- [The problem] All of the data should be output character for character, except the pictures.

- [Records shown]
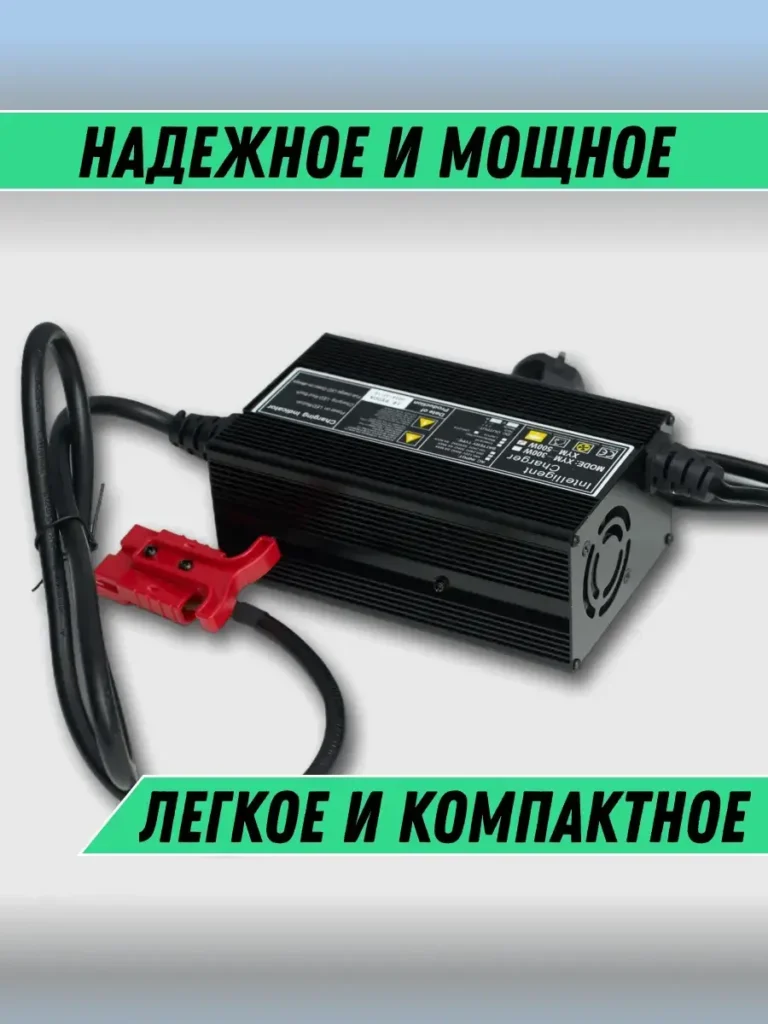 Зарядное устройство однофазное 12 В 20 А, разъём Anderson Red 50A инфографика вид сбоку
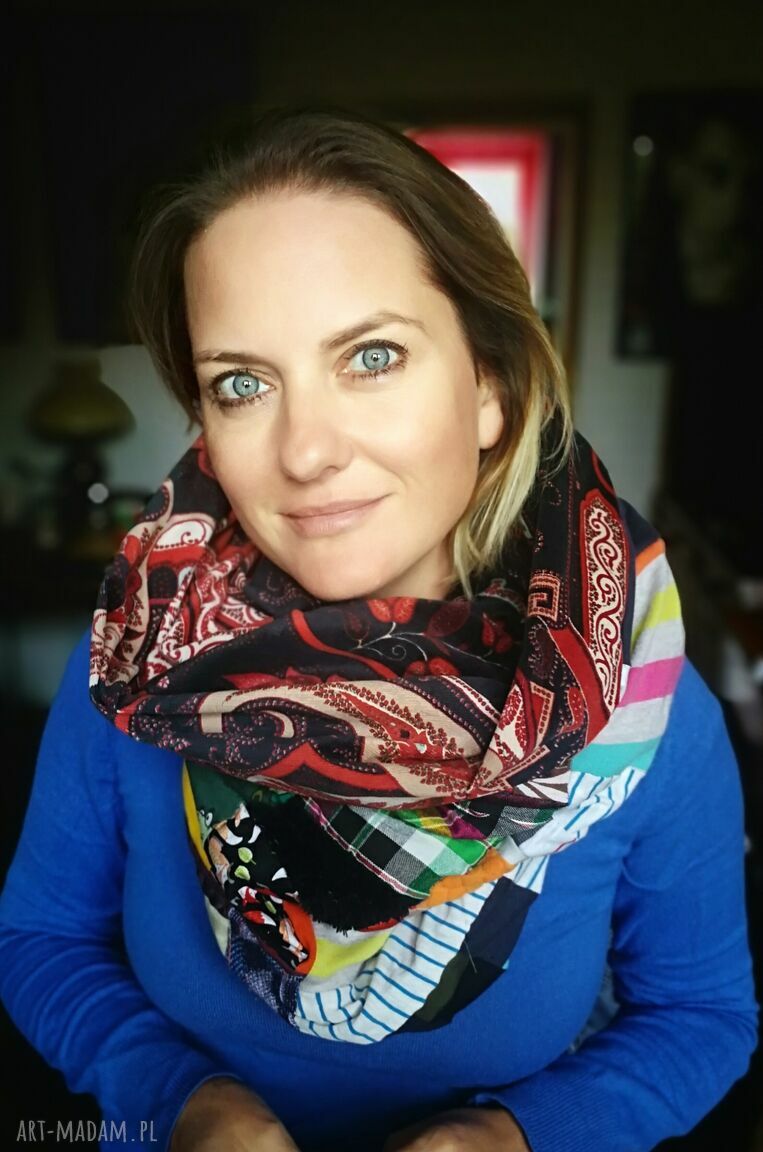 Komin patchworkowy na podszewce - miękki i miły, uszyty ze skrawków swetrów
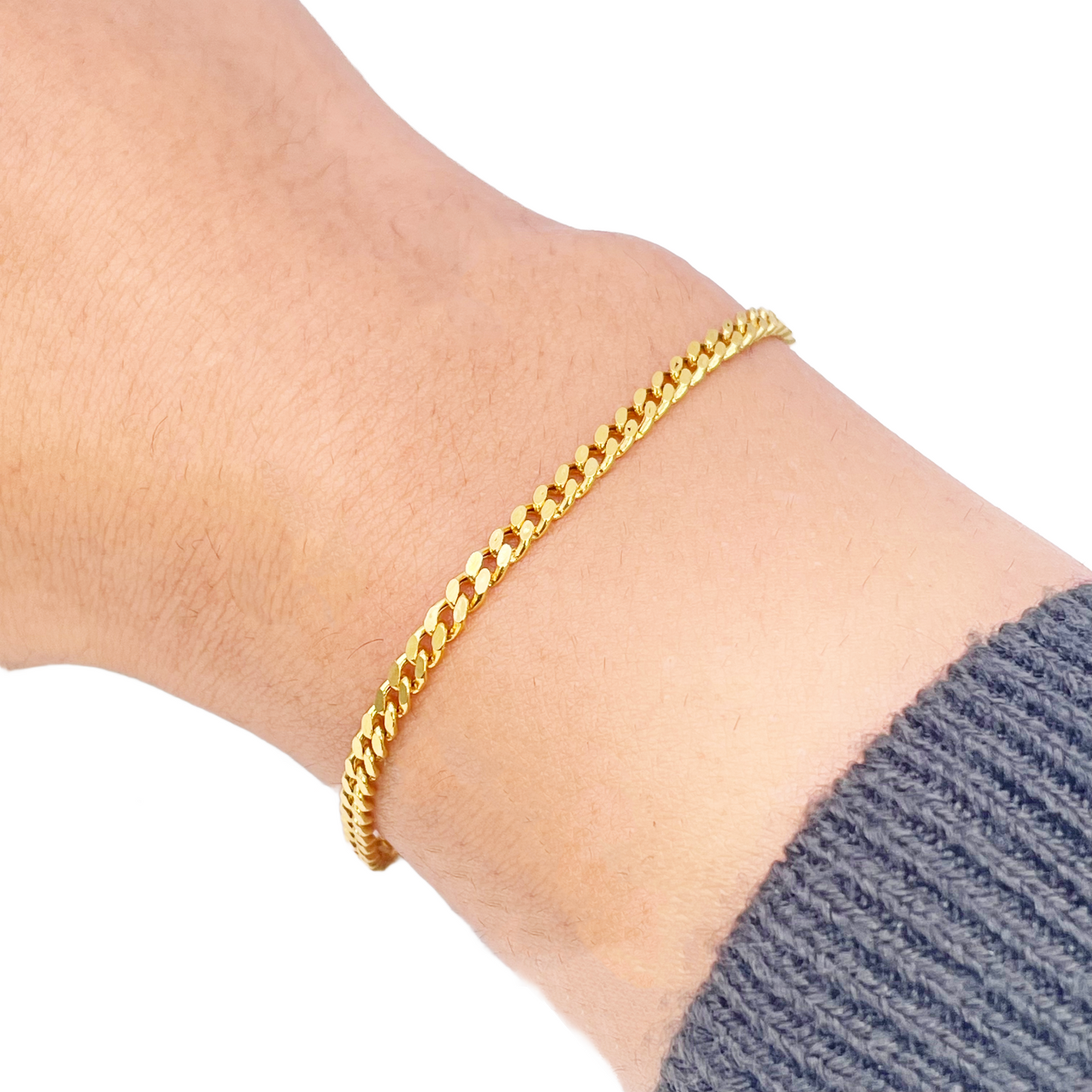 22ct Gold Curb Link Bracelet High Polished Plain 6.8 Inches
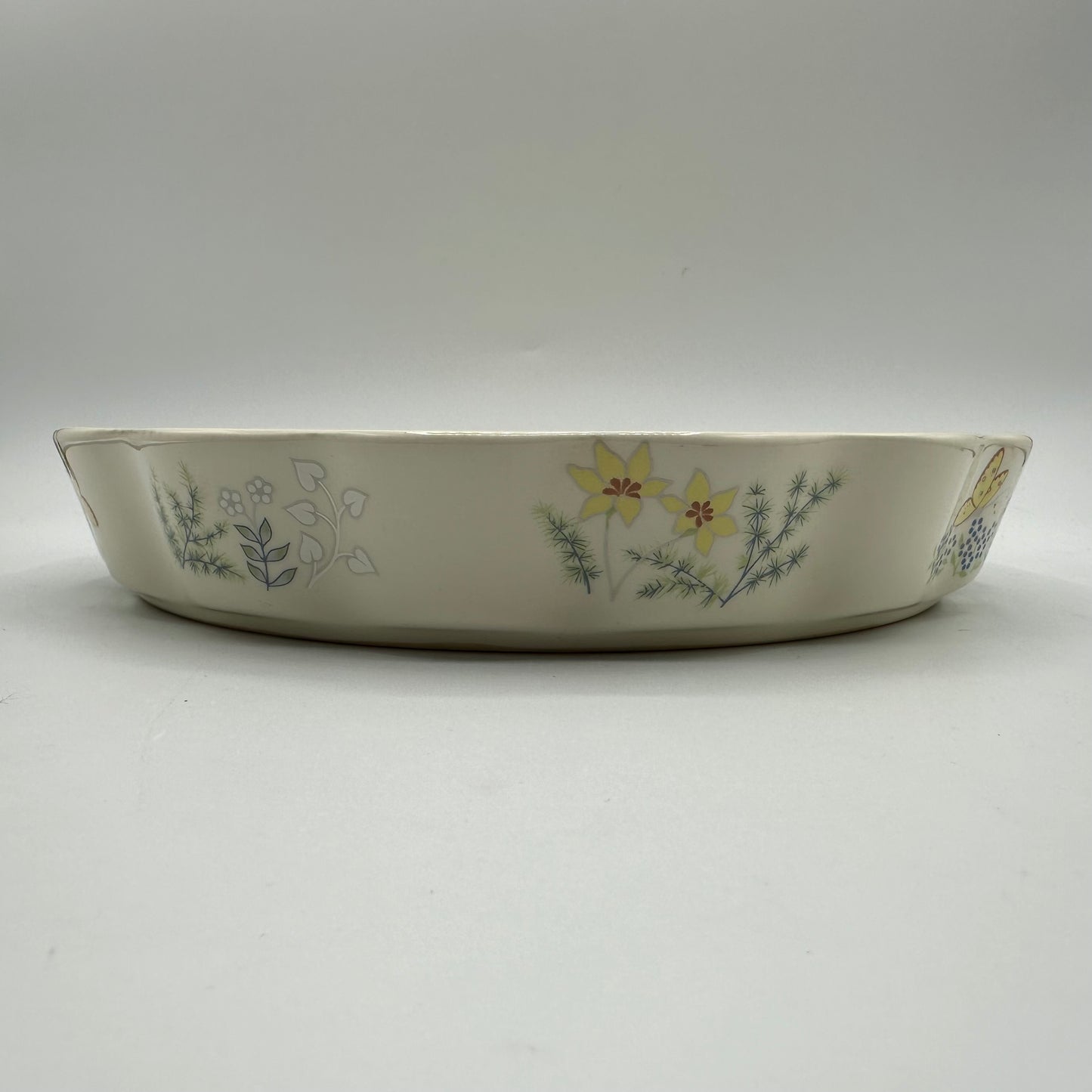 Lenox Cuisine Cinderella 9 inch Quiche Dish with Butterflies & Flowers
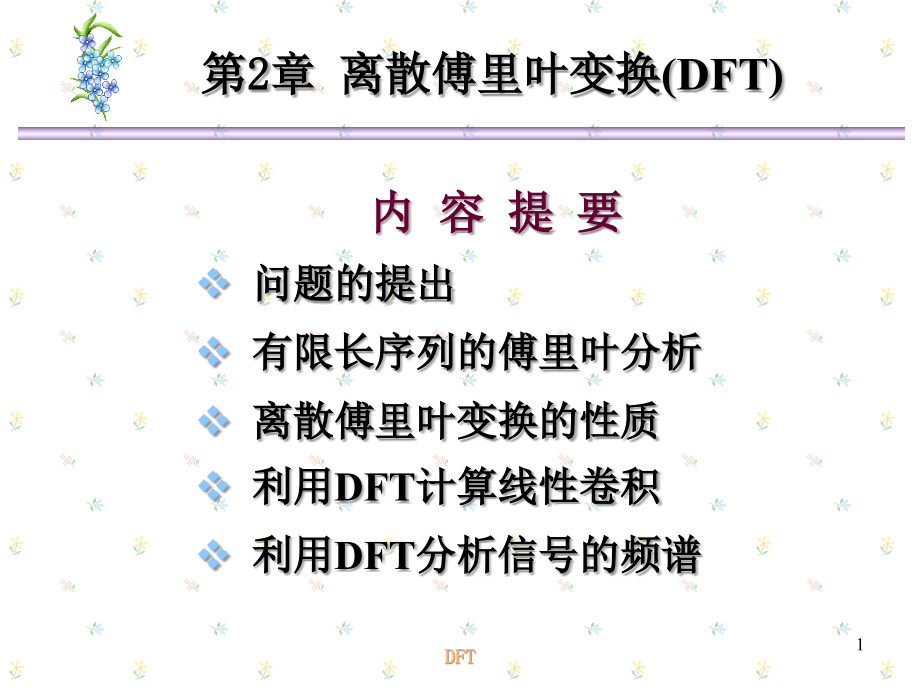 离散傅里叶变换数字信号处理课件_第1页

- [Response below]
 Зарядное устройство однофазное 12 В 20 А, разъём Anderson Red 50A инфографика вид сбоку
 Komin patchworkowy na podszewce - miękki i miły, uszyty ze skrawków swetrów
 22ct Gold Curb Link Bracelet High Polished Plain 6.8 Inches
 Lenox Cuisine Cinderella 9 inch Quiche Dish with Butterflies & Flowers
 离散傅里叶变换数字信号处理课件_第1页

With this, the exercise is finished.